Un fédéralisme sain demande également que chaque ordre de gouvernement dispose des ressources fiscales lui permettant d’assumer pleinement et adéquatement ses responsabilités, de sorte qu’aucun ne se trouve en position de dépendance financière par rapport à l’autre. Or, un important déséquilibre fiscal caractérise à l’heure actuelle les rapports financiers entre les partenaires de la fédération. C’est un problème à ce point crucial pour les provinces qu’elles ont créé une instance, sous l’égide du Conseil de la fédération, qui s'y consacre précisément, à savoir le Secrétariat d’information et de coopération sur le déséquilibre fiscal.
Comme chacun sait, le déséquilibre fiscal découle de la capacité du gouvernement du Canada d’engranger des surplus si considérables qu’ils lui permettent à la fois d’assumer ses responsabilités constitutionnelles, de réduire sa dette et, avec l’argent qu’il lui reste, d’envahir les champs de compétence des provinces en y effectuant des dépenses assorties de conditions de toutes sortes. Pendant ce temps, la majorité des provinces peinent à boucler leur budget. C’est en invoquant un soi-disant pouvoir fédéral de dépenser que le gouvernement canadien justifie ses empiètements. Le déséquilibre fiscal étant de plus en plus important, le gouvernement fédéral a de plus en plus recours à cette justification. En retour, l’utilisation de plus en plus fréquente de ce prétendu pouvoir de dépenser lui permet de justifier le maintien de la fiscalité fédérale à son niveau actuel et d’ainsi perpétuer le déséquilibre avec les provinces. Le pouvoir fédéral de dépenser et le déséquilibre fiscal s’alimentent ainsi mutuellement.
Ce pouvoir illimité de dépenser dont s’autorise le gouvernement fédéral constitue sans conteste un élément de dysfonctionnement majeur au sein de la fédération canadienne.
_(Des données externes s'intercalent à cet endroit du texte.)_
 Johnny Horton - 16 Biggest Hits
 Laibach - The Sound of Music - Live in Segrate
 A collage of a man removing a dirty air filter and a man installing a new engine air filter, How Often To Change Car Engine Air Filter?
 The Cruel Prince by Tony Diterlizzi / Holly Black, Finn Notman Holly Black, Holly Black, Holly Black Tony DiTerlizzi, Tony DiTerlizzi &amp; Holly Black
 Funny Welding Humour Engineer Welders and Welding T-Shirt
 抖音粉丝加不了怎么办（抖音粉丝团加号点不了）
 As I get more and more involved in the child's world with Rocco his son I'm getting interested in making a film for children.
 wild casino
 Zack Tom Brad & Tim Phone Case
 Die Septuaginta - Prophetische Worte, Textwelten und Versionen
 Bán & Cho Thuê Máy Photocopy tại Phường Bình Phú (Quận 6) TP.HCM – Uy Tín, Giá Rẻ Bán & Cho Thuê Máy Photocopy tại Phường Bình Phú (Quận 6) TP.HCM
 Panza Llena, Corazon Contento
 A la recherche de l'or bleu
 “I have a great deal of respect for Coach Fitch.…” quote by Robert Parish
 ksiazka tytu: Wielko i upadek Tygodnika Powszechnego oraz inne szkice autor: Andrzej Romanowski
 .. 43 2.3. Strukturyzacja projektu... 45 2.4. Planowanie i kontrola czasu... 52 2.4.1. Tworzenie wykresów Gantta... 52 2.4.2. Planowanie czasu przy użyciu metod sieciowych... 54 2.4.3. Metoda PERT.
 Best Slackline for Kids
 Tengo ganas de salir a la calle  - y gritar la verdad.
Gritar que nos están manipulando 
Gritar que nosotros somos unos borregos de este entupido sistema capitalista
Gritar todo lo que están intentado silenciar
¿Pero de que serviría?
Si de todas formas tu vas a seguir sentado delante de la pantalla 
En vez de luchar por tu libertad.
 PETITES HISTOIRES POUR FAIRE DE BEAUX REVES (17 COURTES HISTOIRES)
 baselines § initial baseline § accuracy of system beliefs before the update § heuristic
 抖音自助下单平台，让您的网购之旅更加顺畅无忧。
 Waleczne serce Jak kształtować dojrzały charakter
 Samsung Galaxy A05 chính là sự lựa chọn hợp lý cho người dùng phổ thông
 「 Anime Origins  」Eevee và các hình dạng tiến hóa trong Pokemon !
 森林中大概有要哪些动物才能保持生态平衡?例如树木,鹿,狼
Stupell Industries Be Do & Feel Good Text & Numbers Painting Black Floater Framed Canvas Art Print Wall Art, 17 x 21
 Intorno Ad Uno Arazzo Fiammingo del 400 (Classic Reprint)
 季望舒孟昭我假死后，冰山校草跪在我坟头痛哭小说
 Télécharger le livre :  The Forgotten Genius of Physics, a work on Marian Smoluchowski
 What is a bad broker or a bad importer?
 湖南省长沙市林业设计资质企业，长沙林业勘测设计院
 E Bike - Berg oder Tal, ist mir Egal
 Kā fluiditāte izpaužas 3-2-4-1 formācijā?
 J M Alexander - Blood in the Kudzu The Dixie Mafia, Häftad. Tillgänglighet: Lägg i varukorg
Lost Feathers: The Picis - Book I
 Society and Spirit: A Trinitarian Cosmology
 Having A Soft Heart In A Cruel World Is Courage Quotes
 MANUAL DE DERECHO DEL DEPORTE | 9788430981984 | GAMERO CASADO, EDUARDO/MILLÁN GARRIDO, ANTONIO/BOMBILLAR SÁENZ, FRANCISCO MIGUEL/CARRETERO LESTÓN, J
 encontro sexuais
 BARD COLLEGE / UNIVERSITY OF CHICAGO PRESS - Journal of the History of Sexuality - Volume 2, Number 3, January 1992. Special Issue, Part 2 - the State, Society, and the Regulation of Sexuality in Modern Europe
En fait, ce qui pose problème, c’est justement cette conception du pouvoir de dépenser défendue par le gouvernement fédéral, conception selon laquelle il s’agirait d’un pouvoir qui ne serait « nullement limité par le partage des compétences », l’expression étant tirée mot pour mot des procédures judiciaires du Procureur général du Canada dans la cause portant sur la constitutionnalité des surplus de l’assurance-emploi, intentée par des syndicats québécois et présentement devant la Cour d’appel du Québec1. Avec ce prétendu pouvoir fédéral de dépenser « nullement limité », nous ne sommes pas simplement confrontés à une interprétation large et abusivement « créative » des compétences fédérales, mais bien à une remise en cause de la pertinence même du partage des compétences.
Pour soutenir sa thèse, le gouvernement fédéral s’appuie sur une jurisprudence non arrêtée, évasive et éminemment discutable, constituée essentiellement d’opinions incidentes et qui n’a jamais vraiment écarté la seule décision de principe sur cette question, soit le Renvoi relatif à l’assurance-chômage2 . Rappelons que, dans cet avis, le Conseil privé de Londres avait rejeté de manière on ne peut plus claire la prétention du gouvernement fédéral voulant que, par son pouvoir de taxer, il pouvait se constituer un fonds dont il pouvait ensuite disposer sans égard au respect du partage des compétences, les juges y précisant que seul le caractère véritable d’une mesure permettait de juger de sa validité.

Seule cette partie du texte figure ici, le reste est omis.